David S. Tatel


David S. Tatel is an American jurist and a United States Circuit Judge of the United States Court of Appeals for the District of Columbia Circuit since 1994.

Education and career

Tatel received his Bachelor of Arts degree from the University of Michigan and his Juris Doctor from the University of Chicago Law School. Following law school, he served as an instructor at the University of Michigan Law School and then joined Sidley Austin in Chicago.
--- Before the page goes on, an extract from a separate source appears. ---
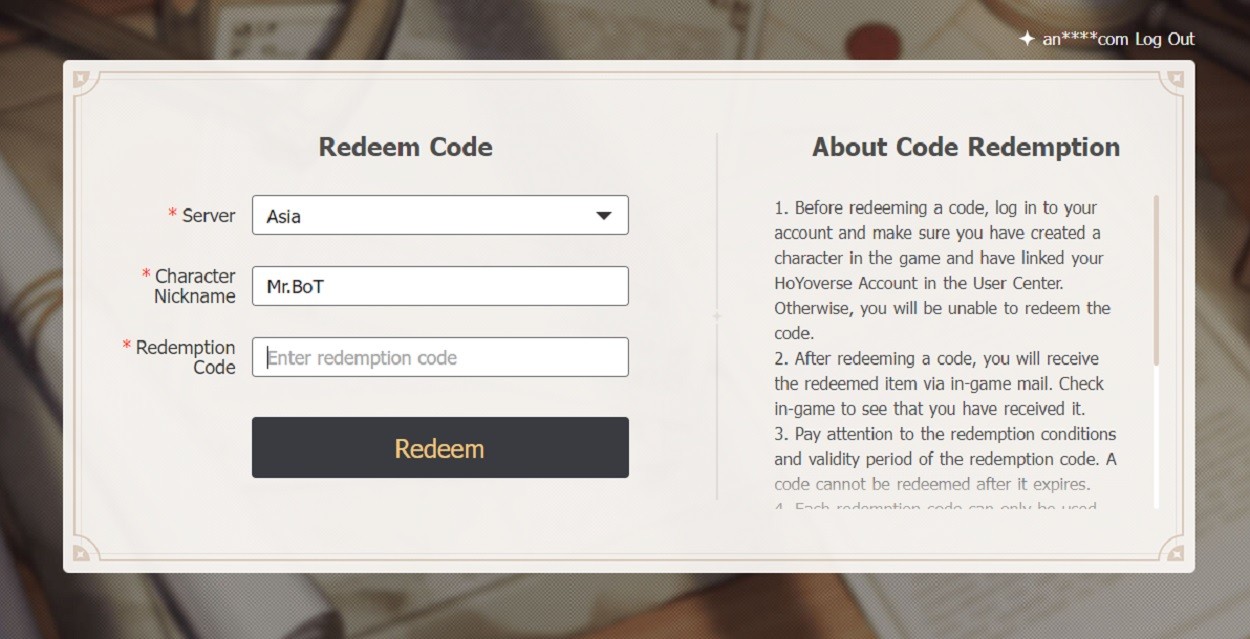 Đổi code Genshin Impact trên website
Since then, he served as founding director of the Chicago Lawyers' Committee for Civil Rights Under Law, Director of the National Lawyers' Committee for Civil Rights Under Law, and Director of the Office for Civil Rights of the United States Department of Health, Education, and Welfare during the Carter Administration. Returning to private practice in 1979, Tatel joined Hogan & Hartson, where he founded and headed the firm's education practice until his appointment to the D.C. Circuit. While on sabbatical from Hogan & Hartson, Tatel spent a year as a lecturer at Stanford Law School. He also previously served as Acting General Counsel for the Legal Services Corporation.

Federal judicial service

Tatel was nominated by President Bill Clinton on June 20, 1994, to a seat on the United States Court of Appeals for the District of Columbia Circuit vacated by Judge Ruth Bader Ginsburg. He was confirmed by the United States Senate on October 6, 1994 by a voice vote, and received commission on October 7, 1994.
In June 2017, Tatel found the Foreign Sovereign Immunities Act did not prevent the survivors of a Holocaust victim from suing to recover art stolen by Nazi plunderers, over the partial dissent of Senior Judge A. Raymond Randolph.
In October 2019, Tatel filed the majority opinion in Trump v. Mazars USA, LLP, finding that the United States House of Representatives Committee on Oversight and Reform had the authority to compel Mazars USA, via subpoena, to produce documents relating to the personal financial information of President Donald Trump, including several years' worth of income tax returns. That decision was vacated and remanded, 7-2, by the SCOTUS in an opinion written by Chief Justice Roberts on July 9, 2020. Justices Alito and Thomas dissented with the remand, with the former citing:
Congress' legislative powers do not authorize it to engage in a nationwide inquisition with whatever resources it chooses to appropriate for itself. The majority's solution—a nonexhaustive four-factor test of uncertain origin—is better than nothing. But the power that Congress seeks to exercise here has even less basis in the Constitution than the majority supposes. I would reverse in full because the power to subpoena private, nonofficial documents is not a necessary implication of Congress' legislative powers. If Congress wishes to obtain these documents, it should proceed through the impeachment power. Accordingly, I respectfully dissent.

Personal life

Tatel serves as co-chair of the National Academy of Sciences' Committee on Science, Technology, and Law and is a board member of Associated Universities, Inc. and the Federal Judicial Center. He is a member of the American Philosophical Society, the American Academy of Arts and Sciences, and the National Academy of Education. He chaired the Board of The Spencer Foundation from 1990 to 1997 and the Board of The Carnegie Foundation for the Advancement of Teaching from 2005 to 2009. Tatel and his wife, Edith, have had four children and eight grandchildren.
Tatel has been blind since 1972 due to retinitis pigmentosa.